Hollywood. Como a indústria nunca gostou de falar dos seus acidentes

Alec Baldwin esteve no centro do incidente que tirou a vida a um membro da equipa de produção do filme Rust. Não  é a primeira vez que acontece na indústria cinematográfica. 

Quando pensamos em Hollywood, é provável que o nosso pensamento seja invadido por imagens de glamour e magia. Como se se tratasse de uma realidade condensada numa bolha a que nem todos têm acesso, mas que todos conhecem e com a qual muitos sonham. Ora porque são apaixonados por cinema, ora por serem fascinados pelos protagonistas das histórias… É, por isso, um universo que nos transporta para boas sensações. Aquilo que “nunca” ninguém está à espera é que um “Luzes, Câmara, Ação”, possa significar a morte de alguém. A verdade é que, apesar de pouco se falar e relembrar esses momentos, Hollywood também está repleta de tragédias, onde os sets de filmagens se transformam em filmes de terror. 

O mais recente caso leva-nos até à tarde da passada quinta-feira, no rancho de Bonanza Creek, Novo México, onde estavam a ser filmadas várias cenas do ‘western’ Rust, do qual Alec Baldwin, de 63 anos, era produtor e protagonista.

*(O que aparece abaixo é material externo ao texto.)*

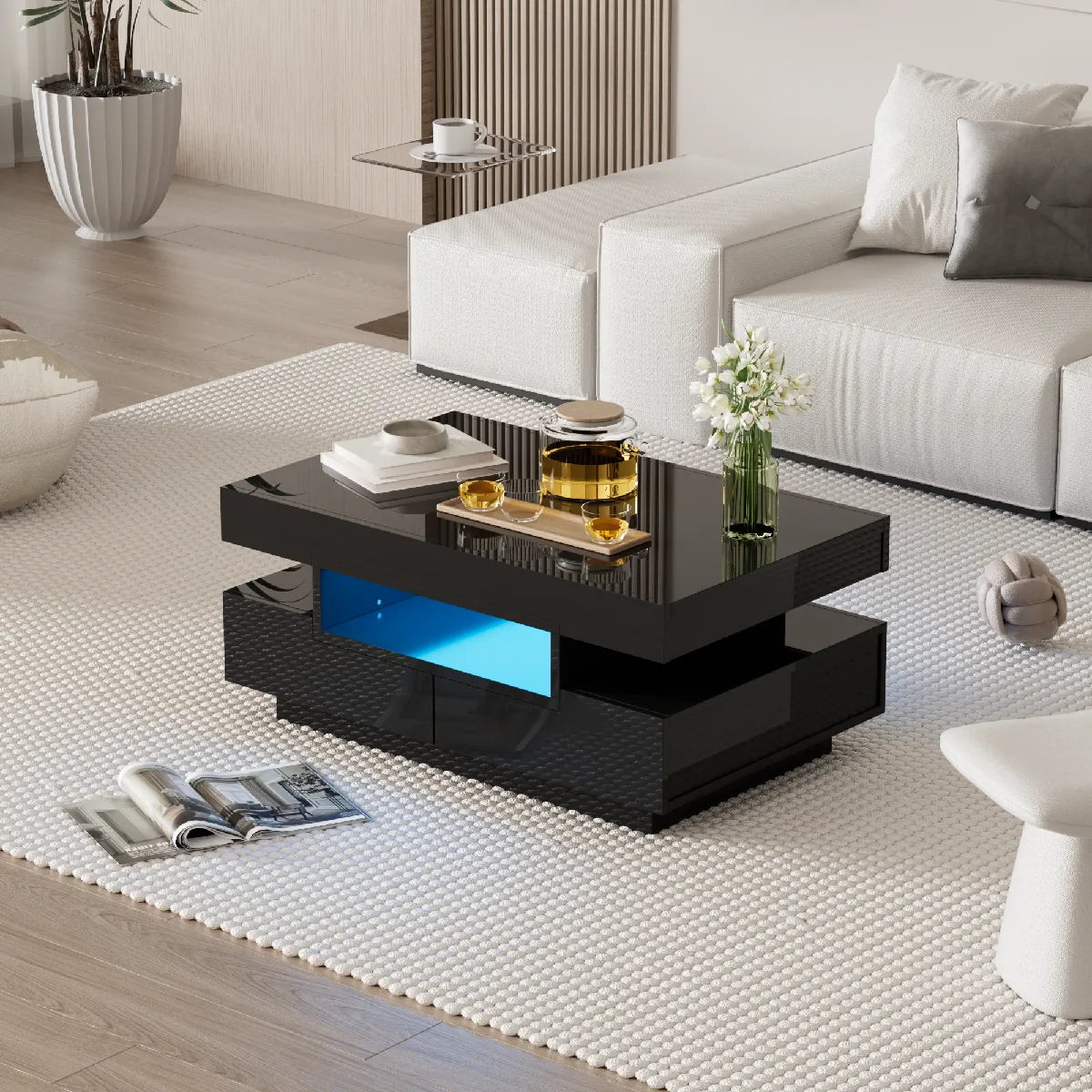 Table basse led noire brillante 80x50x36 cm avec 4 tiroirs et 3 niches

O ator norte-americano matou acidentalmente a diretora de fotografia do filme, Halyna Hutchins, ao disparar uma arma de adereço que “não devia estar carregada”. Antes da tragédia, o assistente de realização, Dave Halls, assegurou a todos que a arma estava descarregada, mas afinal, a pistola responsável pelo incidente tinha munições reais.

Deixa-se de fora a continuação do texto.